Thanks in advance for any advise.
Asked on March 26, 2016 under Employment Labor Law, Alabama
SJZ, Member, New York Bar / FreeAdvice Contributing Attorney
Answered 6 years ago | Contributor
They were not signed under duress based on what you write--at least not in the eyes of the law. "Duress" is illegal pressure: threats of violence or blackmail, for example. But threatening someone with something you have the right to do--such as threatening an employee with termination, since employers may terminate employees at will--or presenting them with a bad choice, such as sign or be fired, is not legally duress. People sign all kinds of agreements--e.g. plea deals; accident settlements; divorce agreements--under pressure, and simply being under pressure is not illegal and does not invalidate the agreements. d on what you write, the law would regard you as having freely chosen to enter into the agreements because you preferred the agreement to the consequences (e.g beng fired), and so the agreements are enforceable against you.

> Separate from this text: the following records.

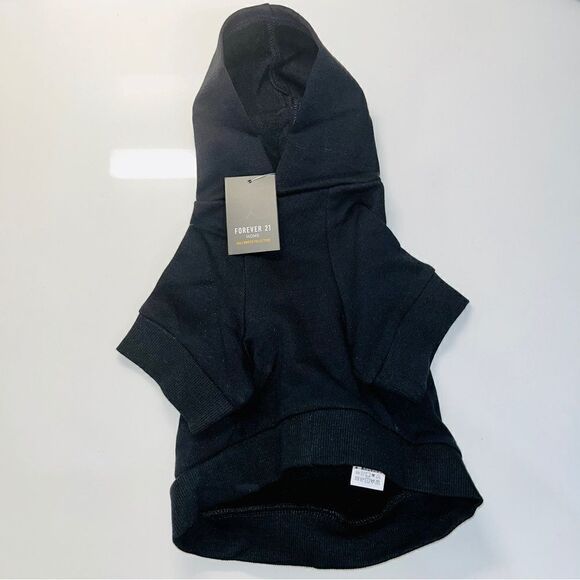 Forever 21 Skeleton Graphic Black Small Dog Hoodie Size M/L Skull Sweatshirt - Picture 8 of 11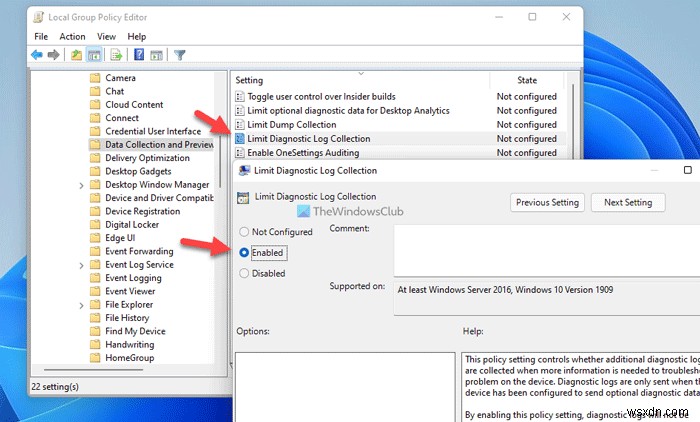 Windows 11/10에서 진단 로그 수집 제한하는 방법 (레지스트리·그룹 정책 편집기)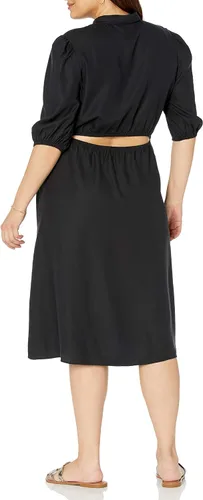 Vista 5 de The Drop Ellen Vestido camisero midi con mangas abombadas y espalda abierta para mujer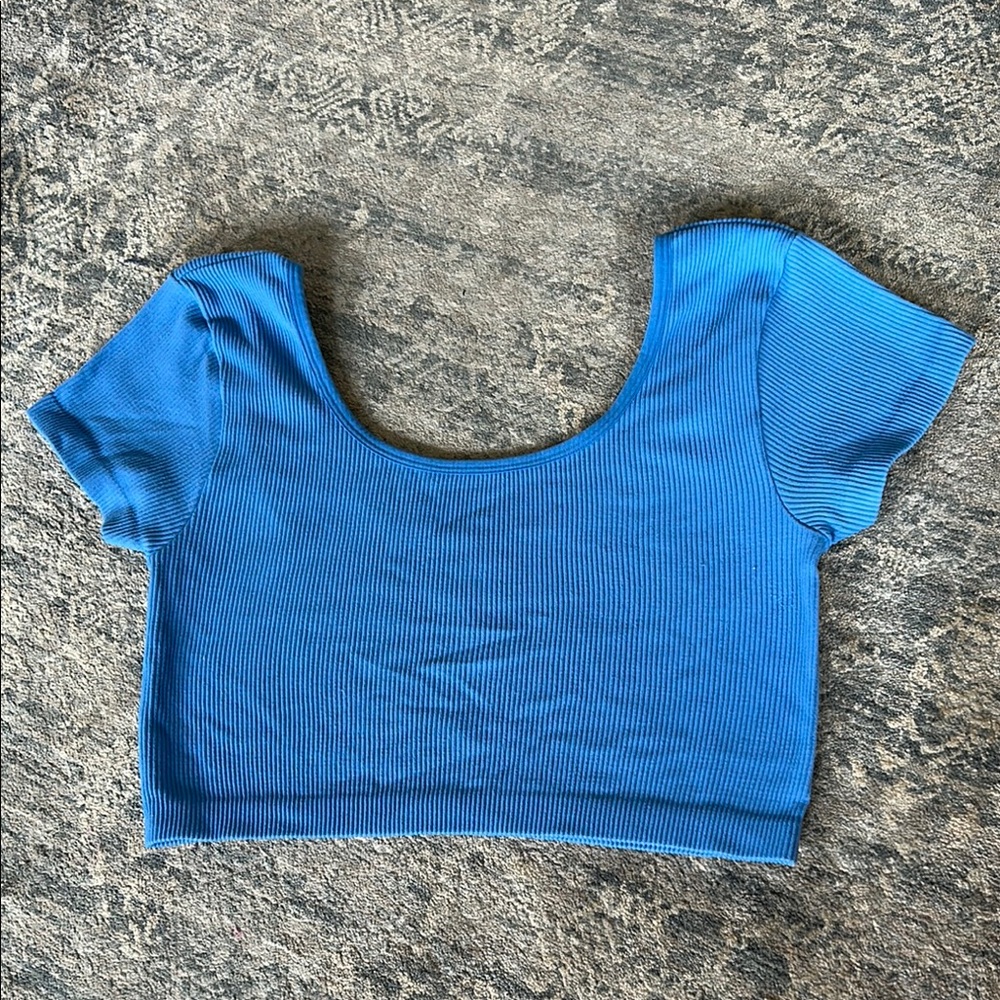 American Eagle Blue Ribbed Crop Top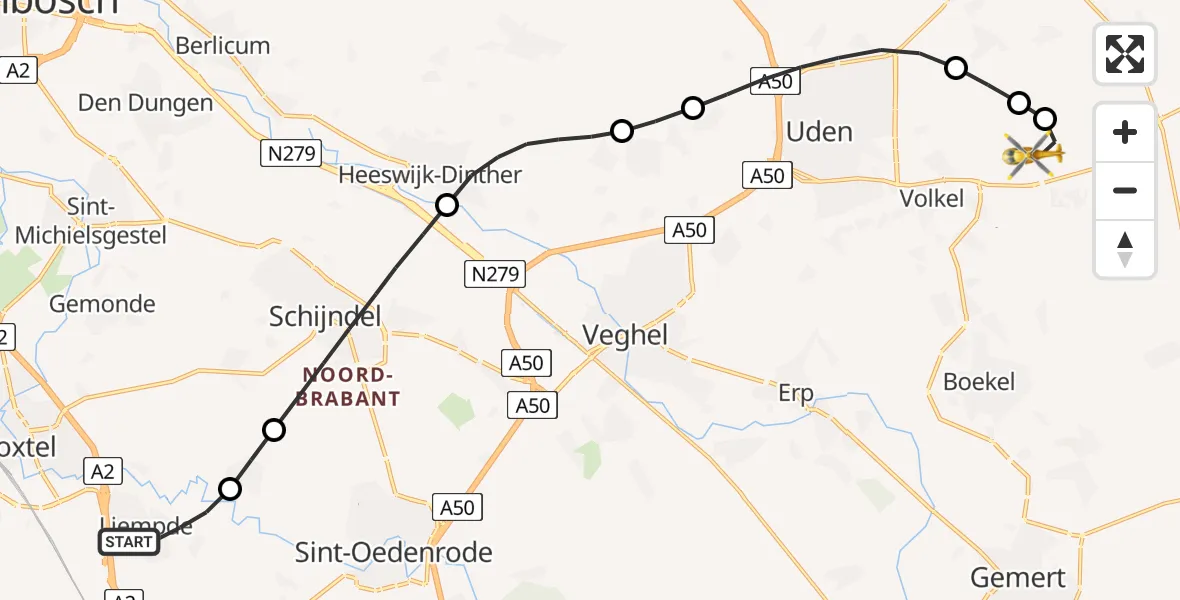 Vluchtroute Traumahelikopter Liempde - Vliegbasis Volkel, 08 juni 2026, 11:27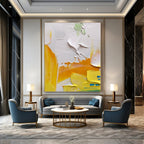 White, Yellow, Blue with Bold Textures "Sunny Textures" Abstract Painting On Canvas PS1346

That said, while non-competition agreements are legal, the law does not allow the to be too excessively long or geographically broad: there are time and territory limits to what the courts will enforce. What those limits are depends on the facts, including what your level or position was (the "higher-up" you are, the more restrictions can be put on you), the area you live in (the further people will travel to get goods or services where you are, the wider the area that may be restricted), and the skills your job took (the more specialized you were, the more restrictions, on the theory that your competition would hurt more than the competition of someone in a very "fungible" job). You should bring the agreement to an employment law attorney to review with you in detail, to see if it is excessive; if it is, you may be able to get its scope or reach reduced.